* [Task directions] Return all the data verbatim but without images.

Data items
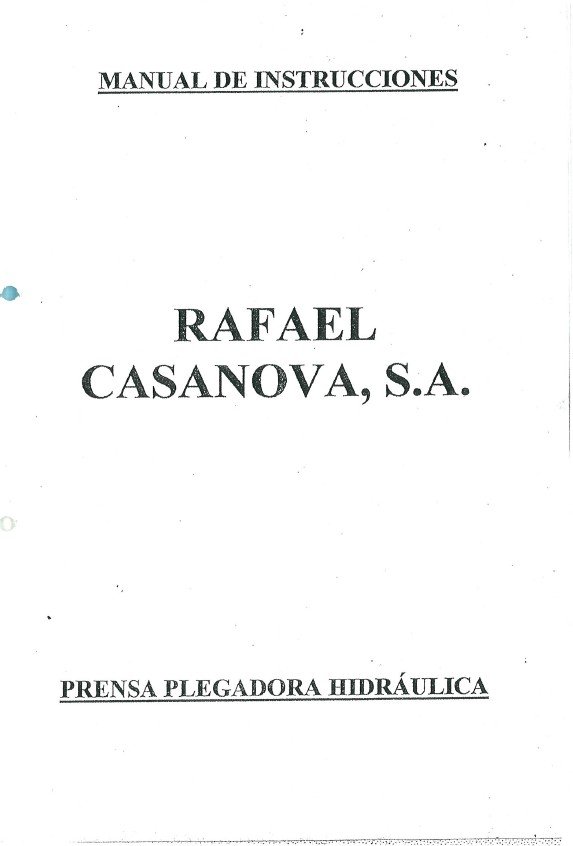 Plegadora Casanova XC-06-2 Manual de instrucciones Plegadora CASANOVA XC-06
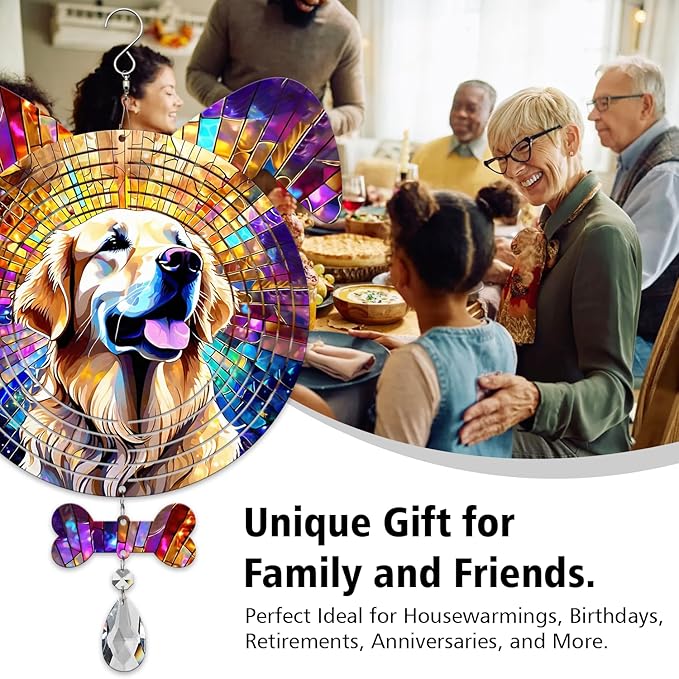 Golden Retriever Dog Ears Wind Spinner, Golden Retriever Wind Spinner Hanging for Yard and Garden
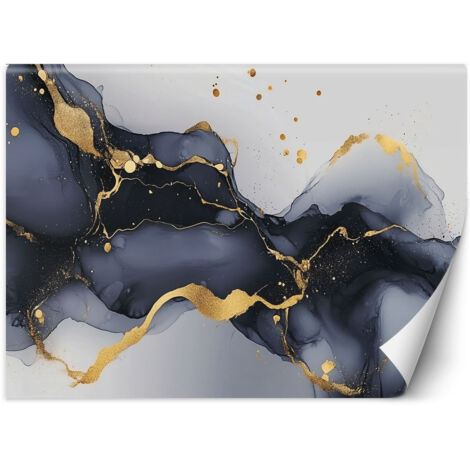 Fototapete Schwarzer und weißer Marmor mit Gold 100x70 cm
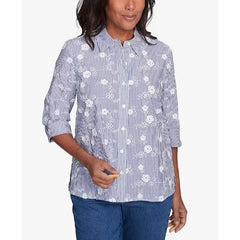 Alfred Dunner Petite Flower Power Striped Breezy Floral Applique Top, Size PS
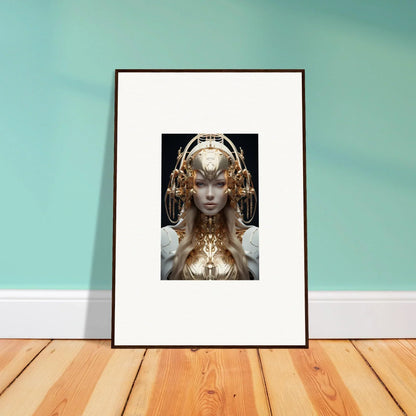 Framed wall art of a futuristic figure enhances any room decor with mind reverie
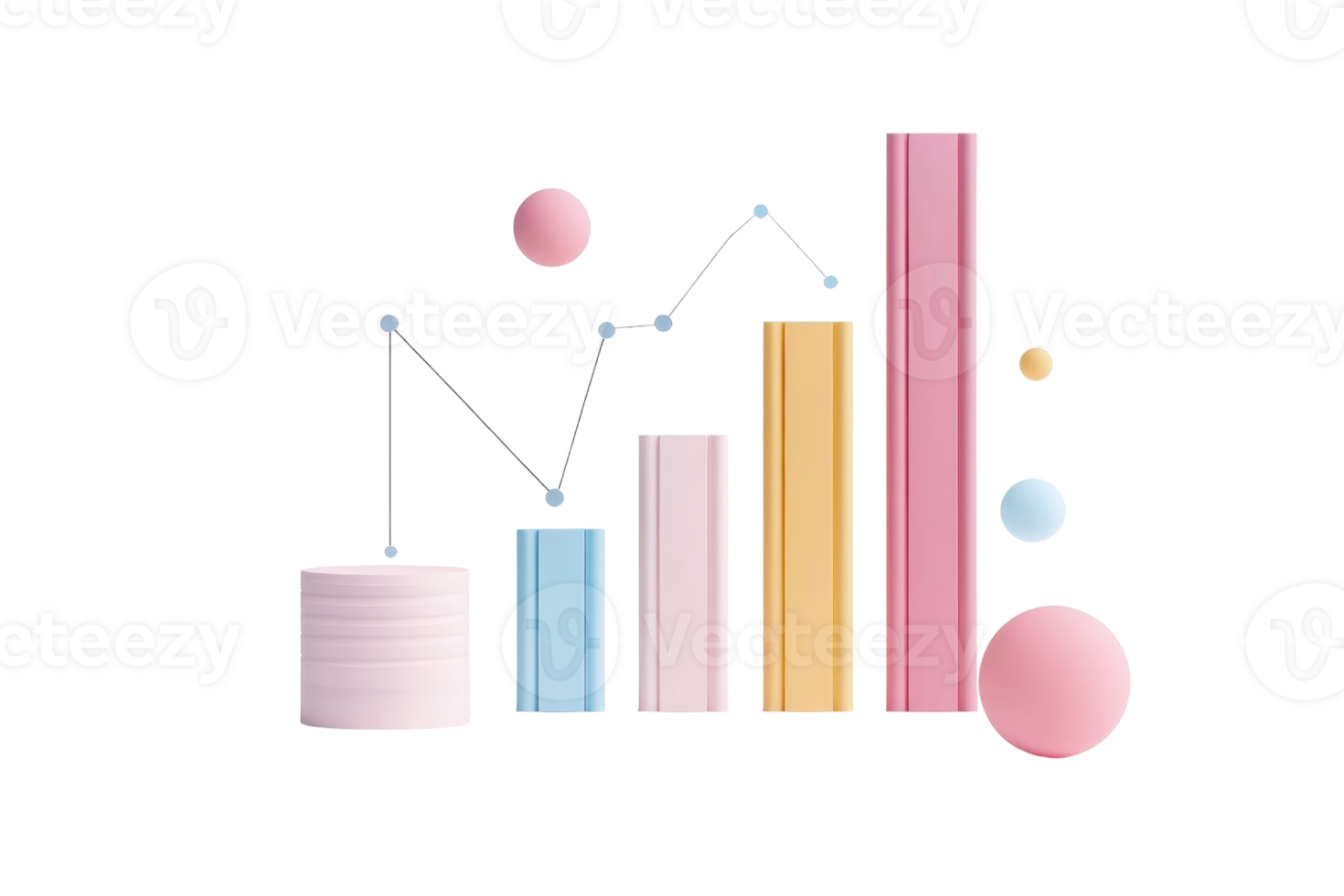 Colorful 3D graphic elements representing data analytics, including bars and points, illustrating business growth and performance. png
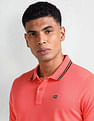 Arrow Sport Striped Collar Solid Polo Shirt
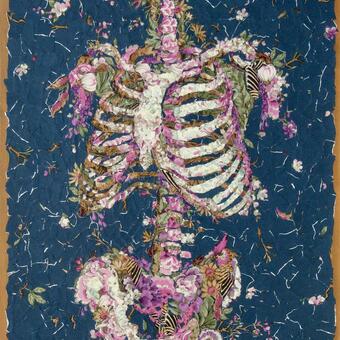 rib cage artwork made of  navy and purple floral pattern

* [Finished exercise]
 Plegadora Casanova XC-06-2 Manual de instrucciones Plegadora CASANOVA XC-06
 Golden Retriever Dog Ears Wind Spinner, Golden Retriever Wind Spinner Hanging for Yard and Garden
 Fototapete Schwarzer und weißer Marmor mit Gold 100x70 cm
 Alfred Dunner Petite Flower Power Striped Breezy Floral Applique Top, Size PS
 Framed wall art of a futuristic figure enhances any room decor with mind reverie
 Colorful 3D graphic elements representing data analytics, including bars and points, illustrating business growth and performance. png
 Arrow Sport Striped Collar Solid Polo Shirt
 rib cage artwork made of  navy and purple floral pattern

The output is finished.